Barisan Batu Peti di Sukasari yang hingga kini asal mulanya masih misteri.
PURWAKARTA-Barisan batu berbagai ukuran nampak masih tersusun rapi sejajar bahkan menyerupai sebuah benteng pertahanan perang. Jika diperhatikan, barisan batu itu memiliki tekstur bentuk yang nyaris sama yaitu berbentuk segi empat menyerupai sebuah tumpukan peti mati hingga masarakat setempat pun menyebutnya dengan nama Batu Peti.

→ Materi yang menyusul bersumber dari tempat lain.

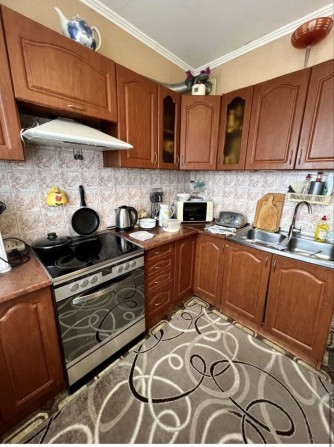 Кімната для 1 дівчини в 3х кімн. квартирі  по пр-т Корольова 2в - фото 1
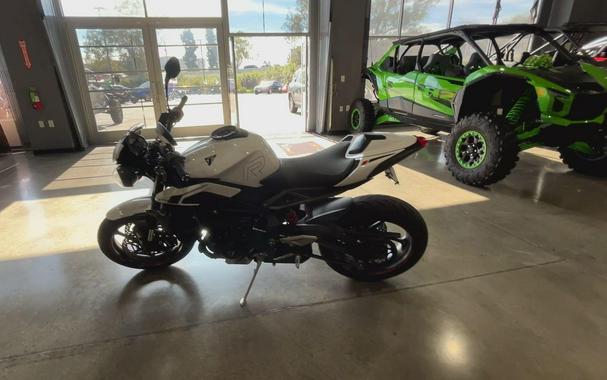 2024 Triumph STREET TRIPLE 675 R
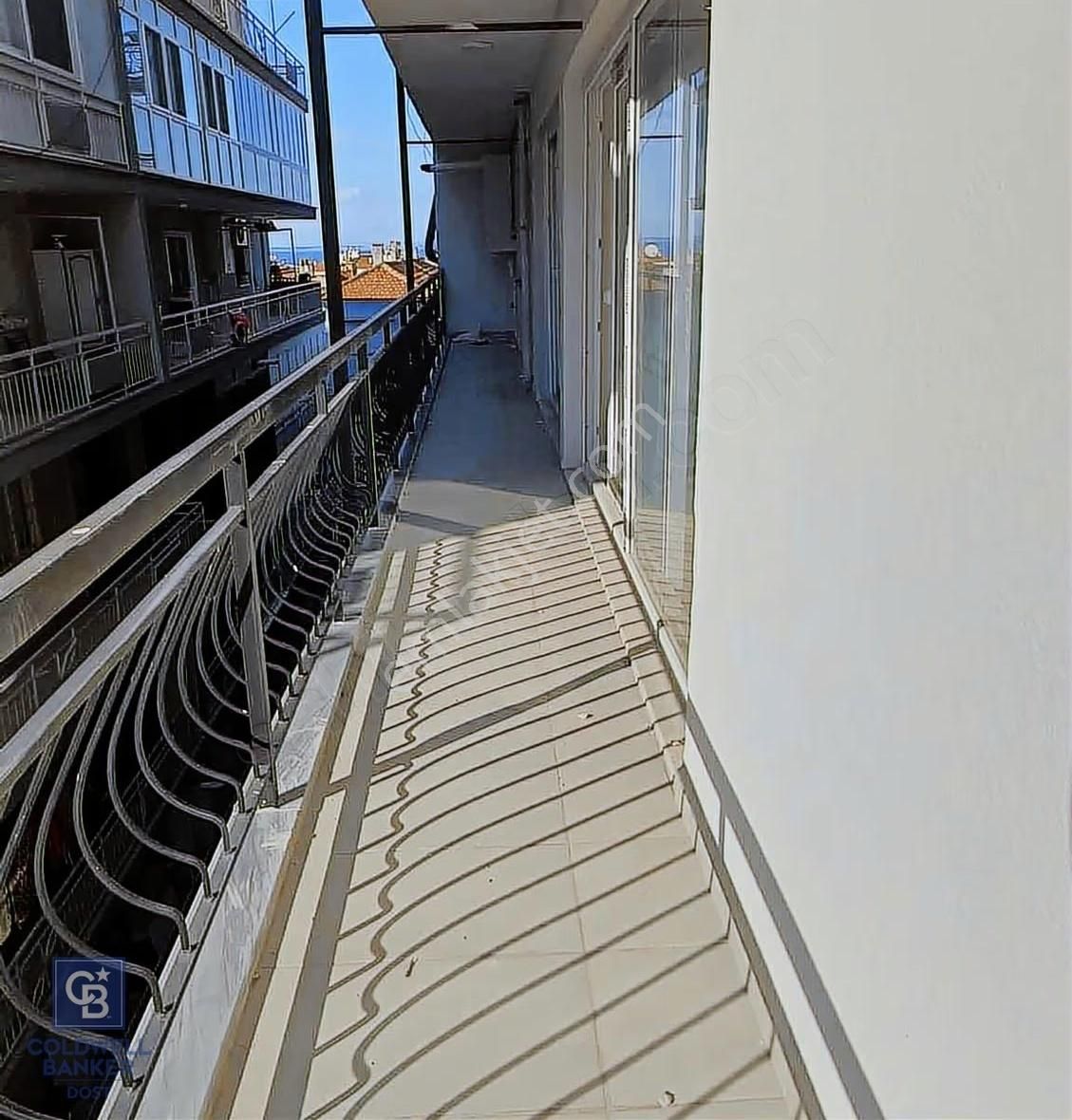 İzmir Amerikan Koleji Yanı Esenyalı 3+1 130 M² Satılık Daire - Görsel 3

Batu peti yang diduga sudah ada sejak ribuan tahun silam itu berlokasi disebuah hutan milik Perhutani dan hanya beberapa ratus meter dari perairan Danau Jatiluhur atau tepatnya di kampung Ciputat, Desa Kutamanah, Kecamatan Sukasari, Kabupaten Purwakarta.

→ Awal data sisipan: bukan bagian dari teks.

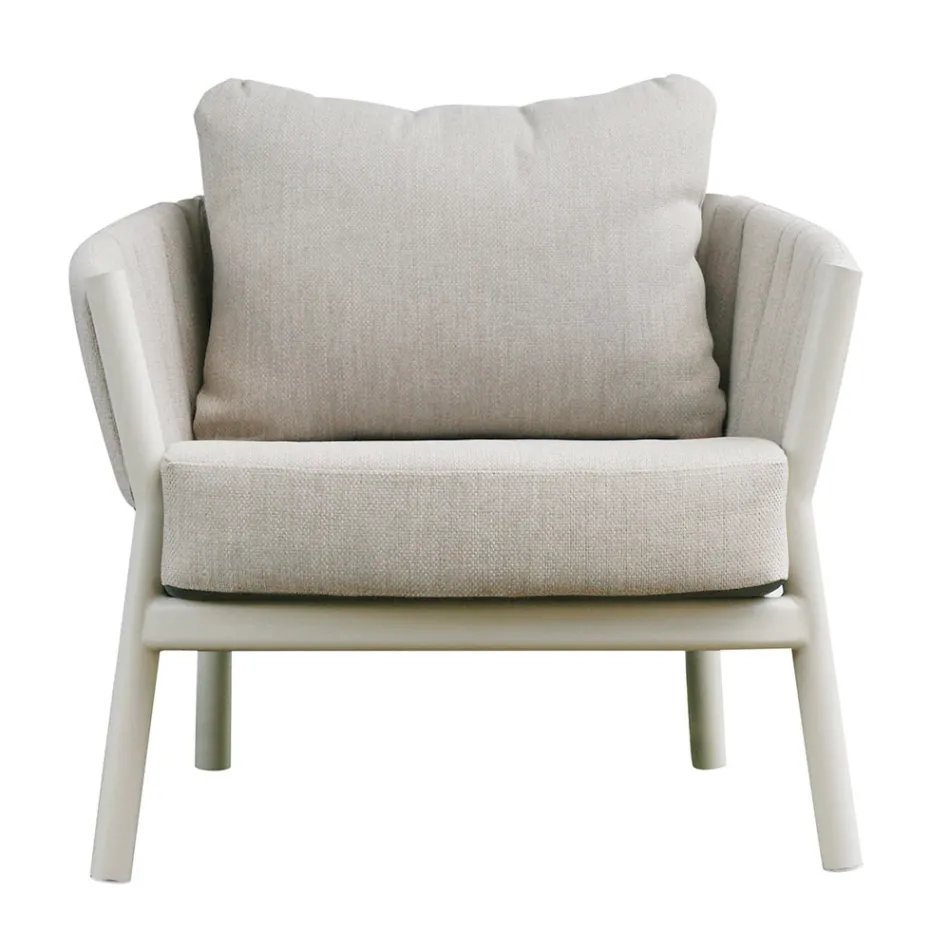 Pokój dzienny składający się z 2 foteli, 1 sofy i 2 stolików kawowych z aluminium - Fusion Viadurini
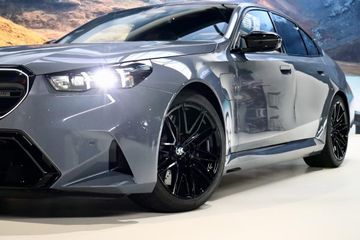 BMW M5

“Tapi masyarakat disini (Ciputat- red) baru memperhatikan keberadaan batu peti sekitar tahun 1950 an, sejak itu lah warga mulai penasaran sebetulnya batu peti ini apa,” kata salah satu tokoh masyarakat setempat, Ahmad Fadil kepada Prasastijabar.co.id, Kamis (12/3/2020).

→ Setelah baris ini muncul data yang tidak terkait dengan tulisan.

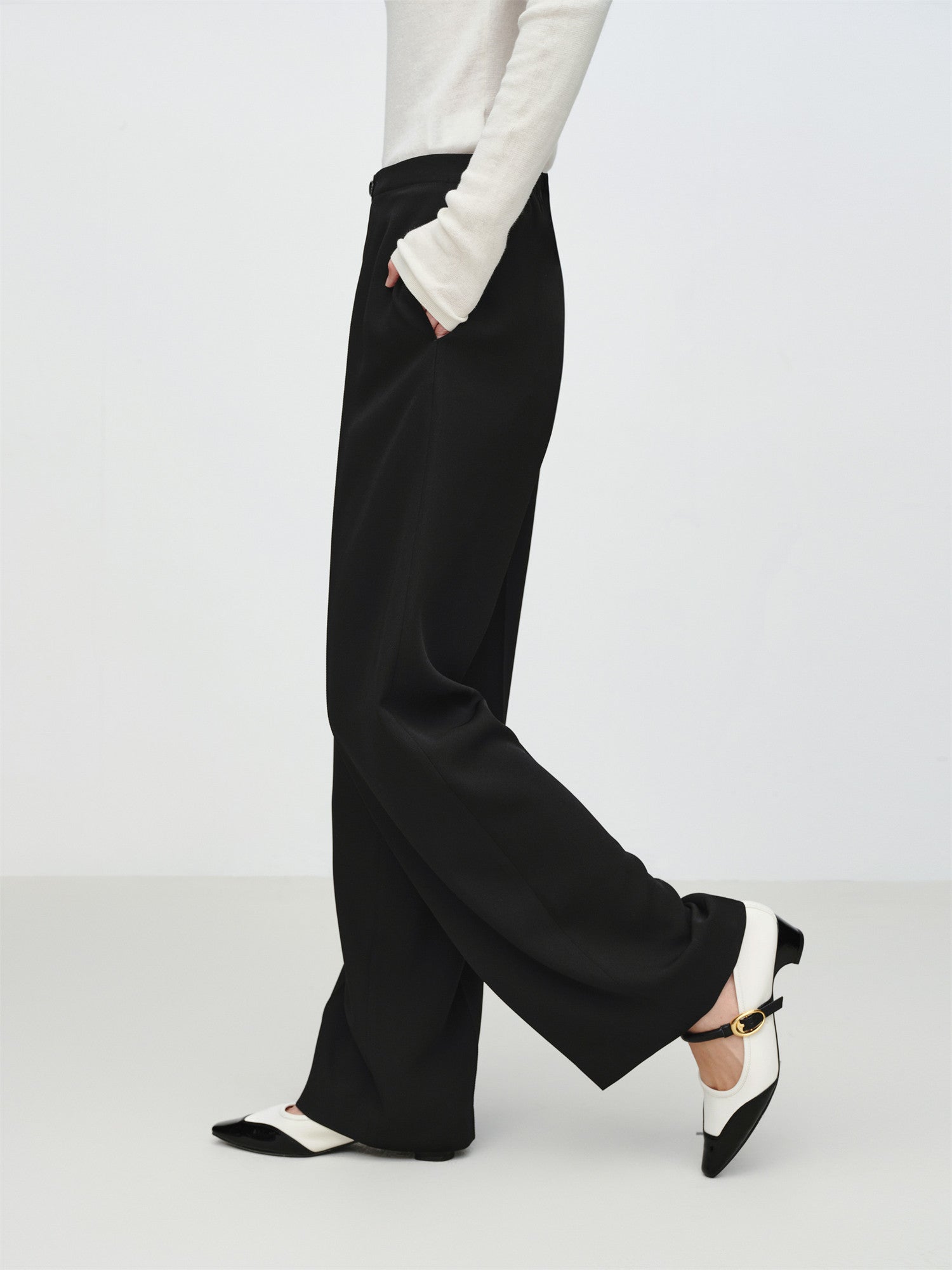 Acetate Commuter Essential Pants | Black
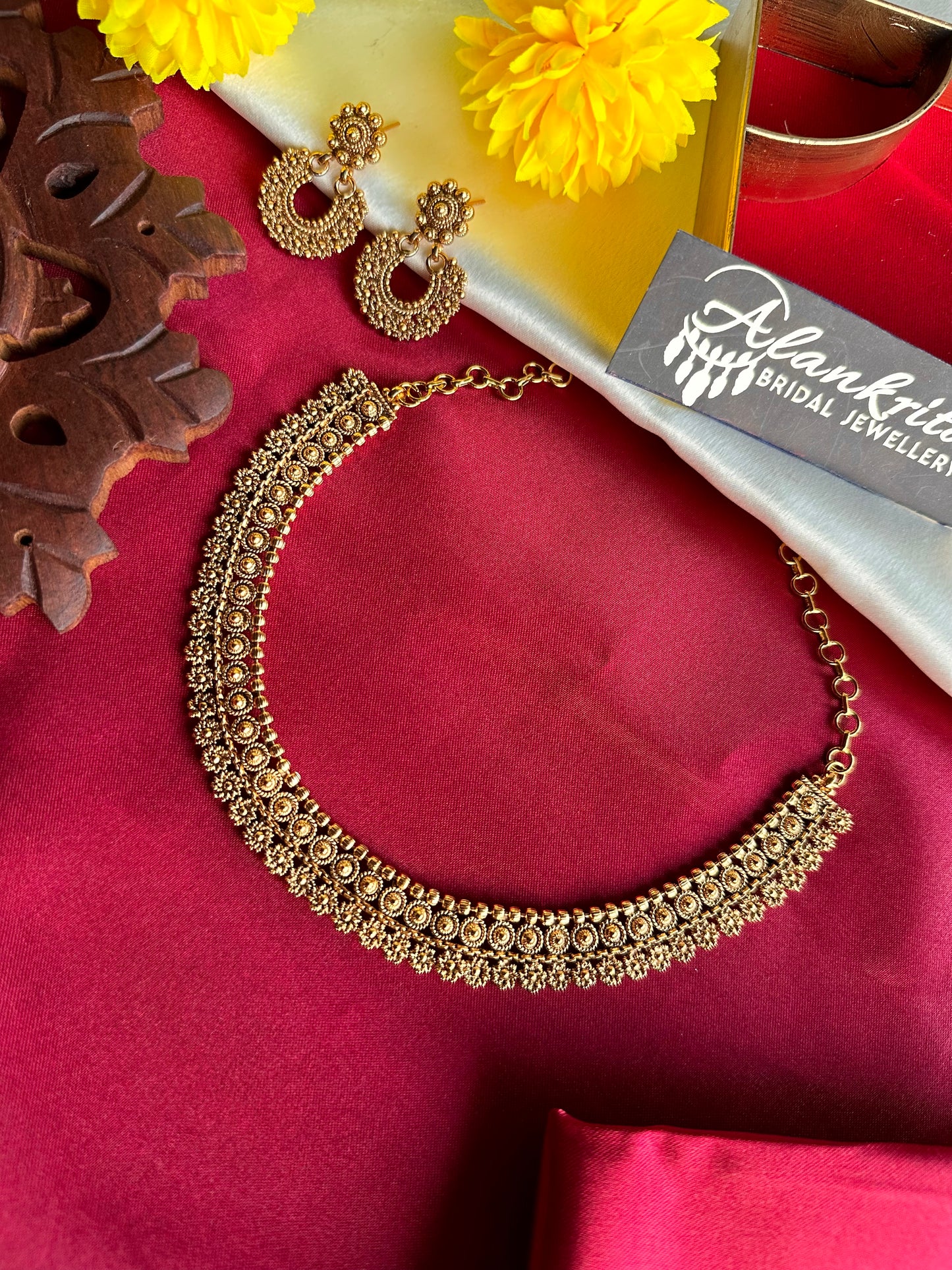 Premium Gold Look Alike Short Necklace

Sejak beberapa tahun terakhir, ditambahkan Fadil, masyarakat luar, mahasiswa dari berbagai perguruan tinggi di Jawa Barat, hingga para ahli arkeologi dan sejarah pun mulai penasaran dan tertarik untuk mengungkap sejarah dibalik misteri batu peti. Sehingga, para mahasiswa dan ahli arkeologi pun mulai melakukan penelitian dan menguji simple batu tersebut.
“Dan dari hasil uji simple batu, kabarnya batu- batu tersebut berasal dari 3 peradaban kebudayaan yaitu tahun 2400 SM,1621 SM, dan tahun 792 Masehi,” ungkapnya.
Diketahui, lokasi batu peti dipercaya beberapa kalangan masyarakat sebagai tempat yang memiliki kekuatan magis luar biasa dan sehingga dijadikan tempat ritual tertentu. Terlebih beberapa kejadian diluar nalar hingga berbagai penampakan sosok gaib pun sempat tertangkap mata masyarakat setempat.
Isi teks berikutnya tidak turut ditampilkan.